In trying to see the differences between these 2 CPU's I am using both with the same setup in software.
The 2500k boots very fast and unpacks a single item truly fast.......but when heavy multitasking is involved it looses out to the 1090T sometimes to a degree that I think its stalling. For a 4core cpu its mighty fast though. Normal feel is however the 1090T isn't really fast in anything but also not really slow in anything while the 2500K can be.

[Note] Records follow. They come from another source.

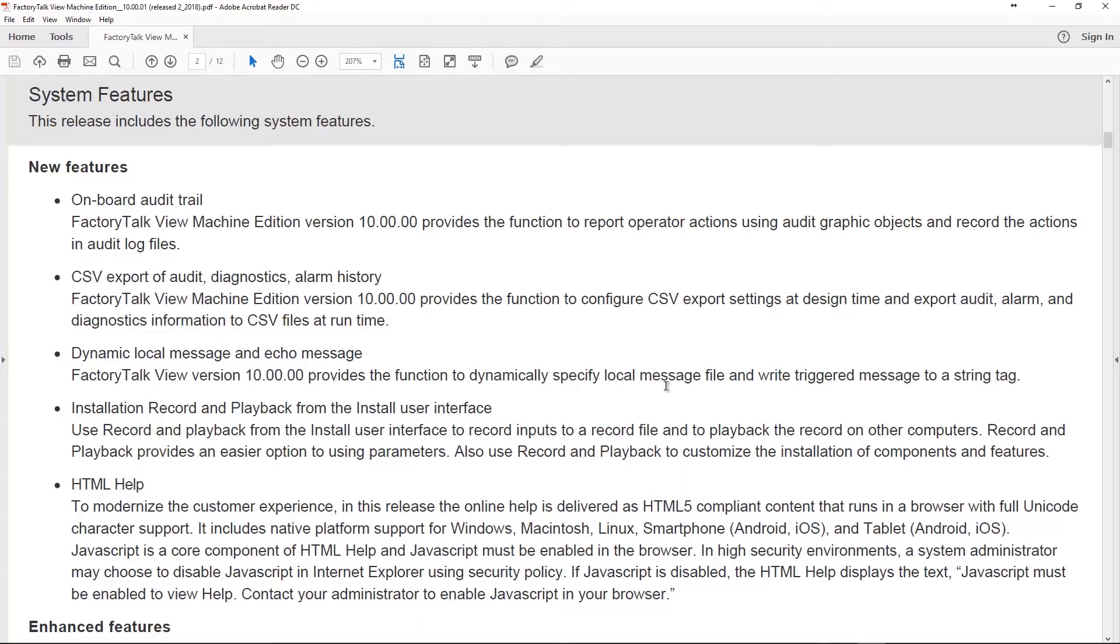And then, they've modernized the customer experience when it comes to the help files, because now they're all on HTML, and so that's not a big deal. But, you know, it includes native support for Windows, Mac, Linux, smartphones, etc.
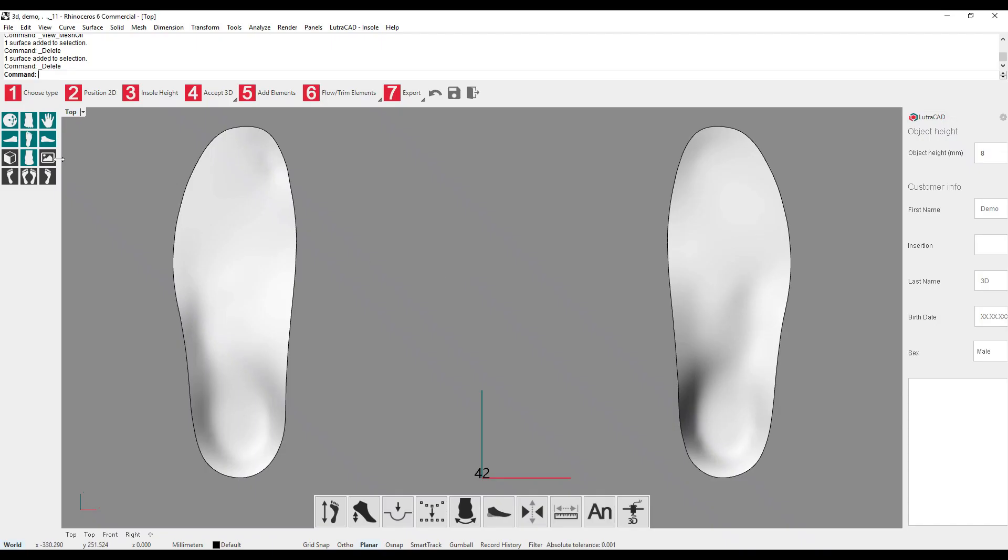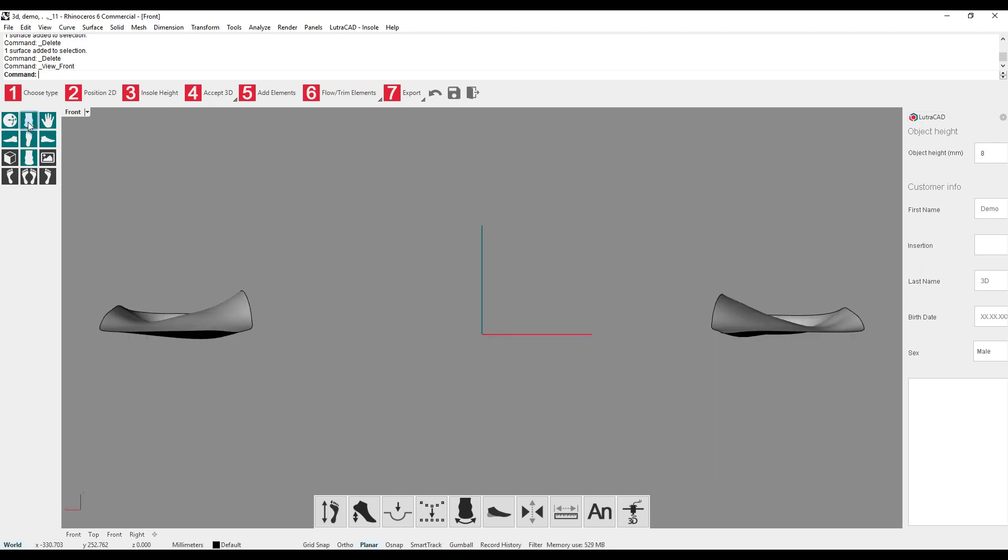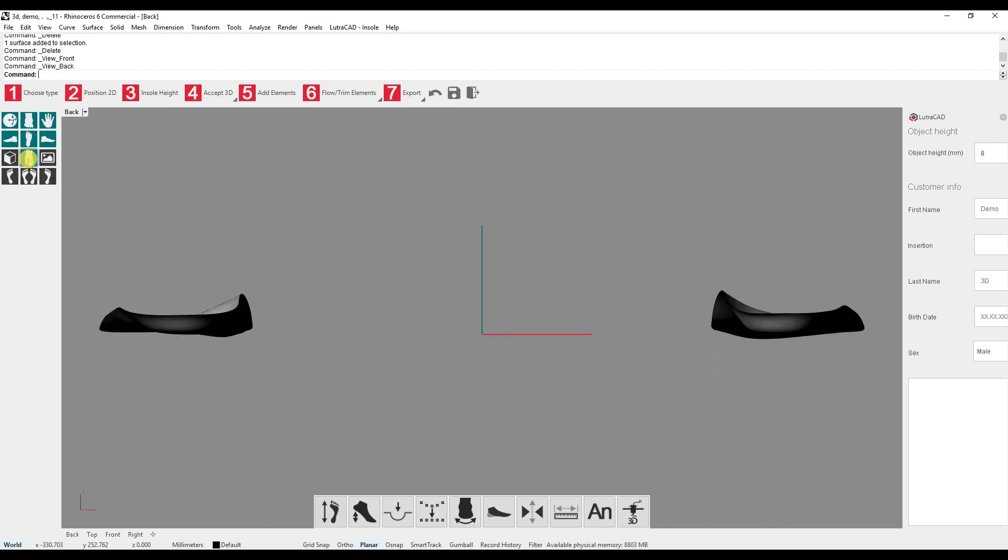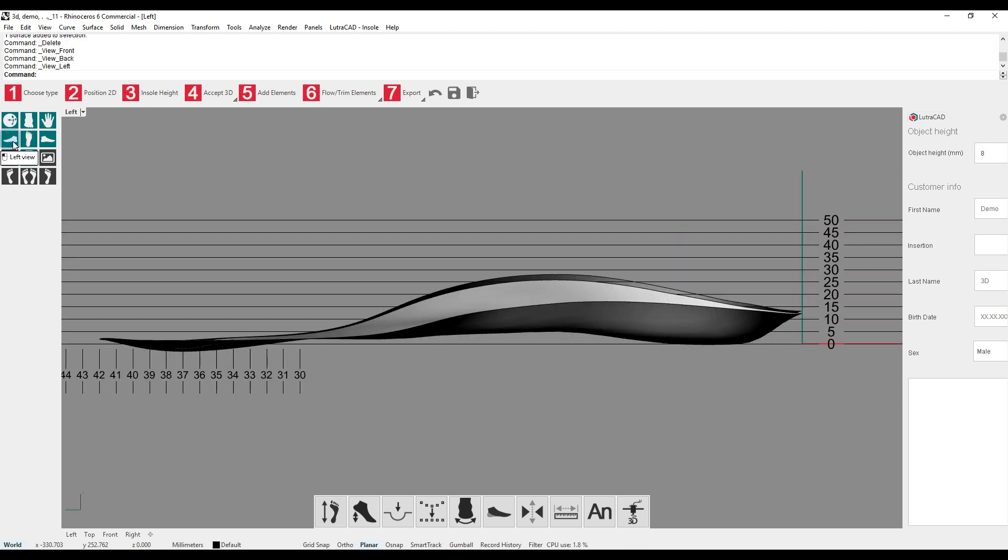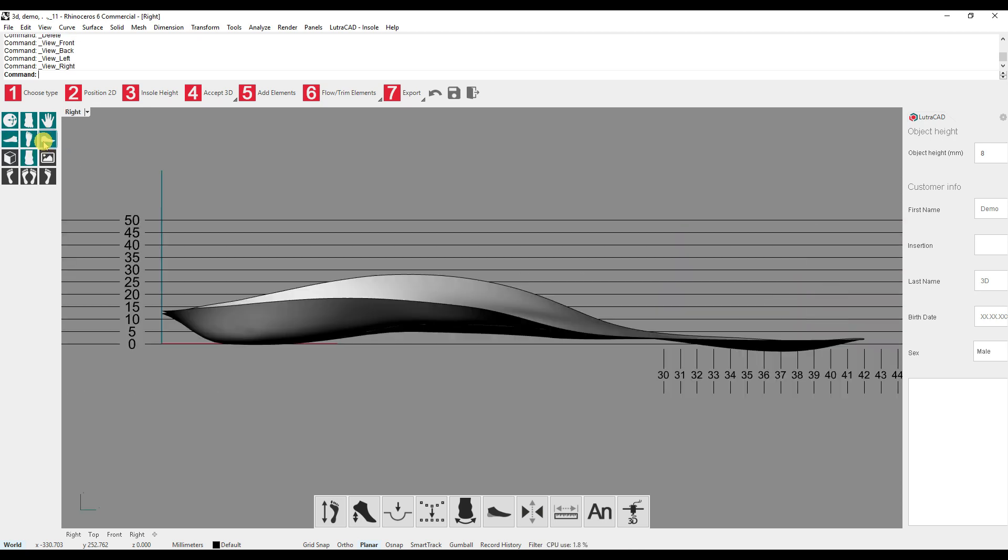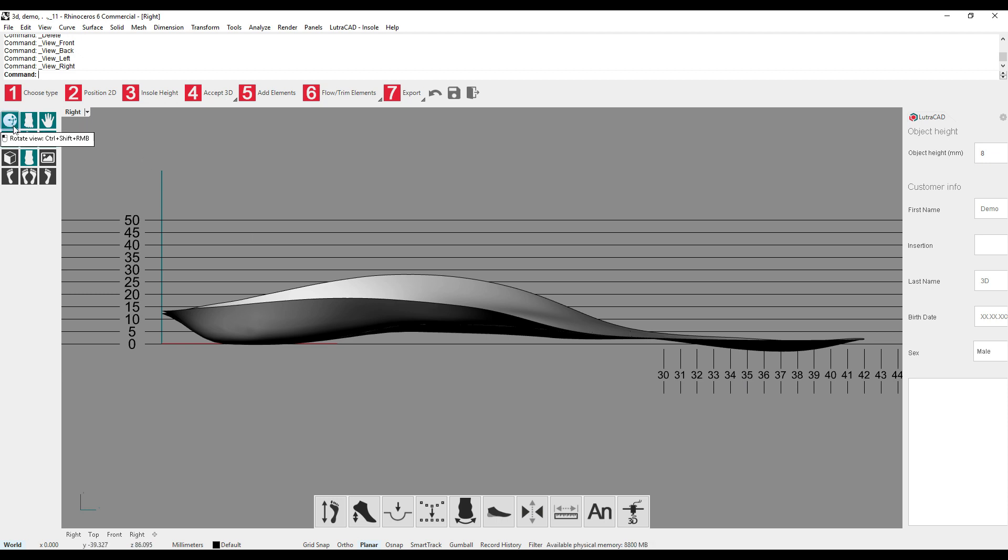Everything we can do with our view is visible on the left-hand side with the green buttons. We can view the insole from five different sides, the front and back, the left and right, where additional information is shown like the insole height and the shoe size. And last, we have the top view.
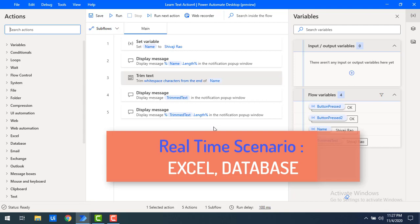Now I will tell you where exactly we are going to use the Trim Text Action in real-time scenarios. If you are working with a database, sometimes you enter extra white space characters which are not required, for example when you have a fixed field length of 10 but add extra spaces. These white spaces, tabs, or new lines can create problems in database operations. To trim that, we use Trim Text Action. You can also use it in Excel, where there are often extra spaces at the beginning or end of text, or new line characters.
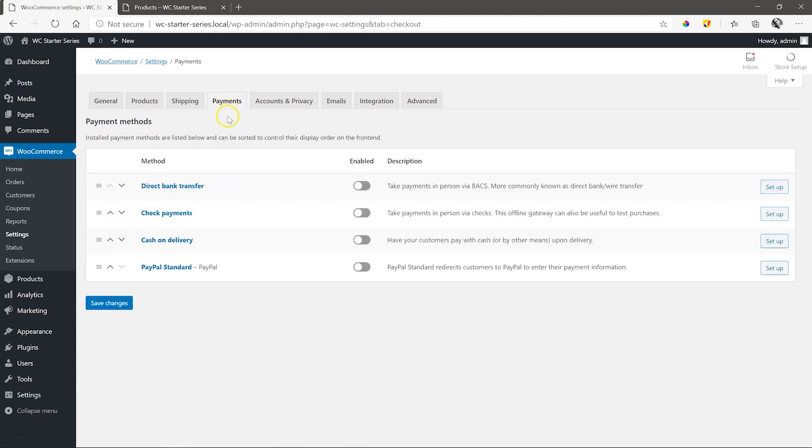Four payment methods are installed by default: Direct Bank Transfer, which is the standard electronic fund transfer; Check Payments, where someone sends you a physical check as payment; Cash on delivery; and then PayPal. Before you toggle any of these on, you first need to set them up.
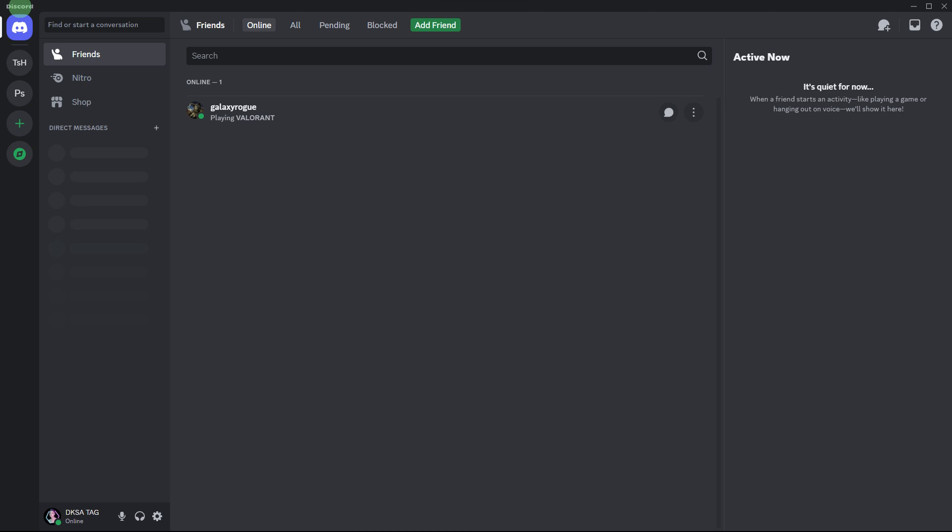Here's a general guide on how you might download sounds from Discord. Firstly, ensure that your Discord application is updated to the latest version.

The 2500K perf. is sometimes worse than the 1090T and sometimes better/faster. The 1090T is more balanced.
However power draw from the wall is a difference.
idle(surfing) load(Winrar perf.test)
1090T 66W 115W 2750 perf. Winrar
2500K 43W 85W 3100 perf.

Playing XXHighend music programm now(through optical SPdiff with external Highend DAC=enjoying tremendously), typing here, moving a file from 1 disk to another, doing a backup and an extraction and the CPU starts sweating.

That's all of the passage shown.